Batman and Robin's co-op moves are central, and while a real life splitscreen buddy isn't required, those going solo will constantly see a flashing 'Connect Controller' hint in the upper right corner that was probably put in to upset shy people. It's playable either way though, letting loners instantly switch characters to tackle player-specific sections. For instance, characters can change into costumes and utilise power-ups. To fool a soldier at a checkpoint, Batman throws on spec ops gear and uses its invisibility. Robin, meanwhile, is partial to blue spandex, which enables pole-swinging platforming and the ability to summon a giant hamster ball as an enemy-squasher.
Characters aren't tethered to each other. Later, when levels turn from linear to open-world, the screen splits to let co-op partners go their own way.

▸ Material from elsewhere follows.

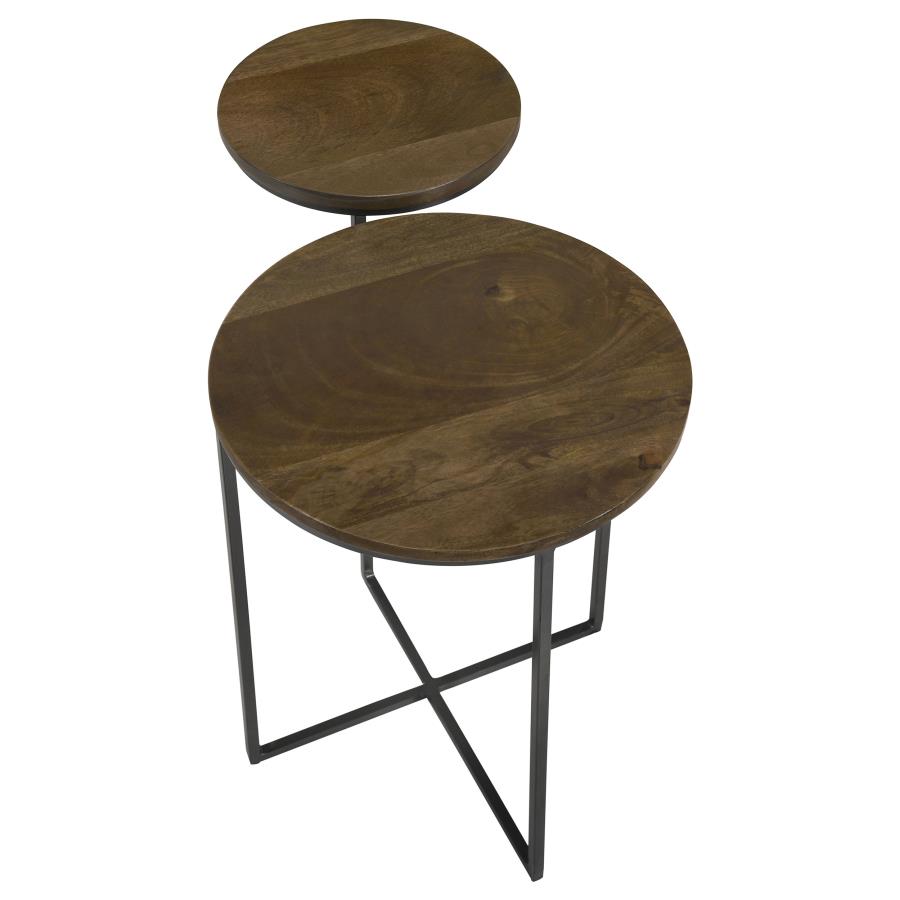 Yael Round Mango Wood Accent Side Table Natural and Gunmetal - 935980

Computer-controlled characters, however, will follow you like a hungry puppy, acting as mobile extra life platforms (when you die, simply switch to the person more alive than you) and puzzle-solvers. Companion AI is smarter, but the optimum team, of course, is two humans - preferably parent and child.
Friends and families fresh off any Lego game in the past decade will be at home here. Puzzles are reassuringly familiar: you'll hold a button and watch structures rebuild before your eyes, or double jump across a chasm, or use Batman's grapple hook to swing and zoom. It's the definition of undemanding, even mild peril offset by the fact death lasts half a second and sees you exploding into brightly coloured studs with a satisfying tumble.
It's a Lego game after all then, but there are bright ideas. The rain-slicked streets of Gotham's permanently midnight sandbox is a maze of familiar sights - smash up a plastic giraffe at Gotham Zoo, raise a few issues at city hall, climb to the peak of Wayne Enterprises or take a breather at the Batcave where you can replay missions, scan for more, or fast travel to specific locations (think Assassin's Creed's aqueducts).
It's a world big enough for vehicles like the Batmobile and Batwing, giving this the largest scale of any Lego tie-in to date. Roaring around, as fire from the exhaust ripples the air, is a thrill comparable to Saints Row's Specter hover bike, even if it lacks the creative spark of that particular free roam.
QUICK AS A FLASH
As well as vehicles you can take different characters for a spin. In one seamless move, you can dispatch foes with Wonder Woman's tiara, conjure a giant glowing hammer as Green Lantern, laser-vision the place up as Superman (John Williams' iconic score even kicks in when he takes to the sky), then use Flash to dash off, a glowing red and yellow trail in your wake.
It's a nerd's dream, and makes you wonder why Traveller's Tales didn't just go the whole way with one big superhero collaboration spread over various mid-sized hubs. This instead is Batman's tale, the heroes eclectic but the villains fresh from Arkham Asylum, each giving good in boss fights (Harley's and Killer Croc's are highlights).
The real triumph here, though, is the care, the attention to detail. The visuals are surprisingly sharp, motion blur, depth of field and dynamic shadows giving this a near photorealistic sense of place. One level sees hundreds of Gotham citizens fleeing Two-Face across reflective marble floors. Batman's cape even has cloth physics.
The audio too merits praise. Expressive mimes of past entries, previously limited to grunts and slapstick, are given vocal chords for the first time ever. Bioshock Infinite's Booker DeWitt, Troy Baker, voices Batman (he did Two-Face in Arkham City), and the DC Animated Universe's Clancy Brown reprises his role as Lex Luthor, while John DiMaggio, Jennifer Hale and Claudia Black swell an impressive cast. All this over a score mixing Danny Elfman's 1989 theme with original music.
In the end, then, it's a Lego game as you've come to expect - not deep, demanding or particularly complex, but applying charm with Kryptonite effectiveness through dozens of fully playable, fully voiced superheroes and a puzzle-packed open world.